I think the answer to this is perhaps a little complicated, because it depends on the ESR of the bus capacitors and the inductance of the connection of those capacitors to the half bridge. Ideally, you would want the impedance of the snubber (also called dc-link) capacitors to be much less than the total impedance of the inductance of the connection and the ESR of the bus capacitors at the frequency of use. Of course, the snubbers themselves have their own ESR and inductance of the connector to the MOSFET/IGBT sources/emitters and drains/collectors, which adds to the impedance of the snubber, which is why bridge layout is important. The inductance of the connection from the capacitors (both the bus capacitors and snubbers) could cause voltage spikes under transient changes in current that cause the drain-source/collector-emitter voltage to exceed safe operating area and failure of the device. This is why short and fat connections between these capacitors and the transistors is necessary, and for example why some snubbers screw right onto the terminals of IGBT bricks.

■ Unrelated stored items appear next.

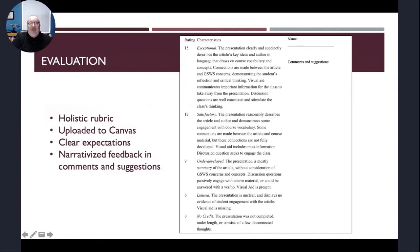Thank you. From the Teaching Center's point of view, we love rubrics — the research shows how valuable they are, and we'd be happy to help any faculty develop those. We also hope to have slides available on the Teaching Center web page after the presentations. The next question: do you have success with having students do self-reflection on their learning? How is that working for you?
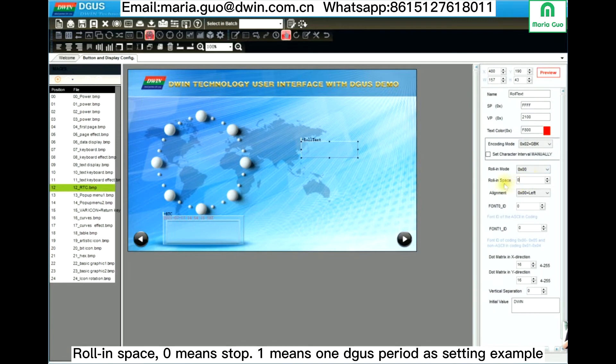And here, scrolling space — if the data is 0, the text won't be scrolled. So you need to change the data to 1 or 2 like this.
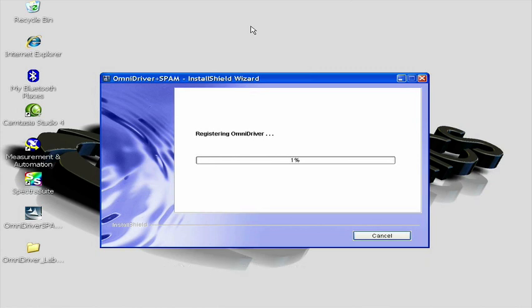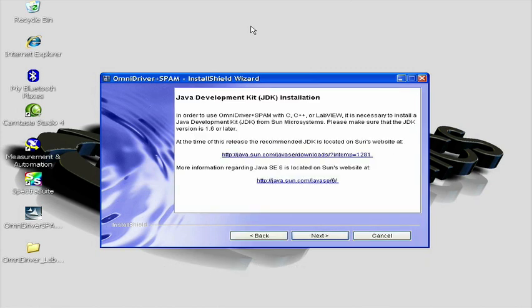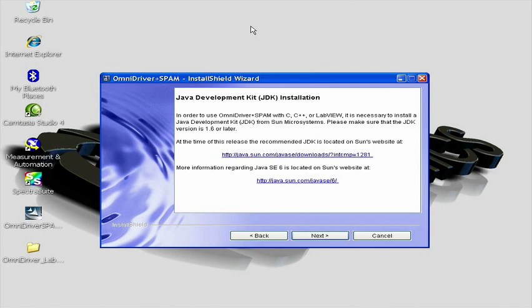After the installation has completed, the next screen will indicate that you need to have a JDK of 1.6 or higher installed on your PC for Omni Driver to function correctly. If you need to install a JDK at this time, you can click on the hyperlinks provided on this screen. Finally, click Next to proceed to the next screen.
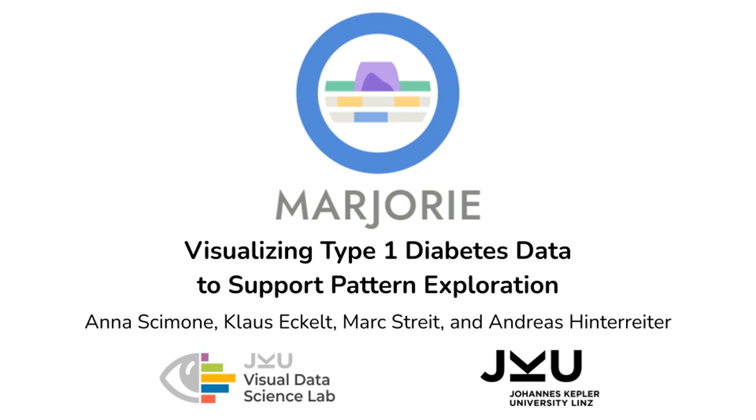In this video, we present Marjorie, our visual analytics approach for the exploration of patterns in type 1 diabetes data.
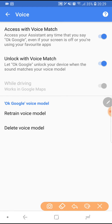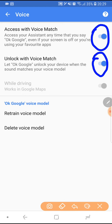You can see there are two options — you need to enable both of them. If you want to unlock with voice match, click that one. If you don't want to unlock the phone with voice match, switch that one off.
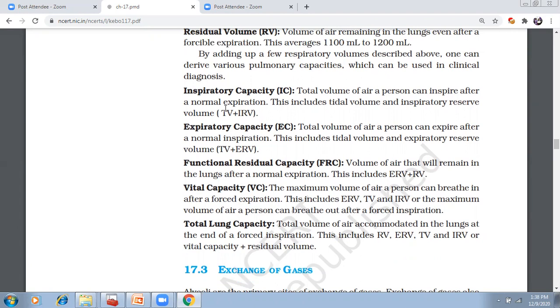In residual volume, the amount remaining is 1.1 to 1.2 liters. Next, capacity.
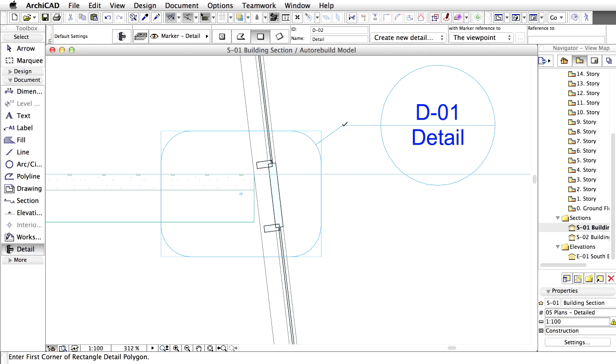Zoom out if necessary. As soon as the marker is placed, a new D1 detail view is created in the project map.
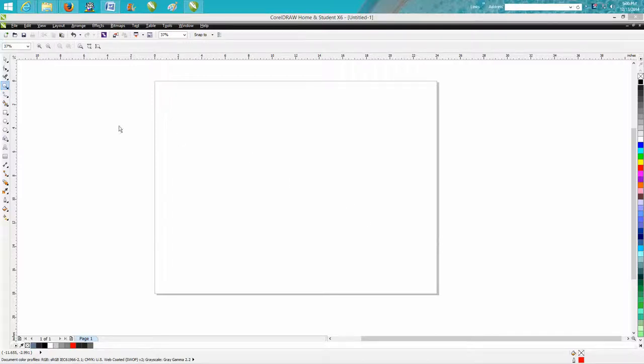Hi, I'm going to do a little CorelDRAW tips and tricks. I'm using X16, but this will work for any CorelDRAW. We're going to make a soccer ball.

Another criterion that could be used is to reduce the voltage transients on the MOSFET/IGBTs under a certain amount, which would basically be then the average current supplied to the transistors over a cycle multiplied by the impedance of the capacitor. The tolerable amount of voltage change is partially going to be determined by how closely you operate your device bus voltage compared to the maximum safe operating area voltage. If you are operating, for example, with a bus voltage from a doubled single-phase 220VAC supply, you will be operating perilously close to the limits of a 650 V transistor. Operating with a lower bus voltage, however, can also stress devices because of the increased current for a given power, so you have to consider that when choosing the MOSFET/IGBTs.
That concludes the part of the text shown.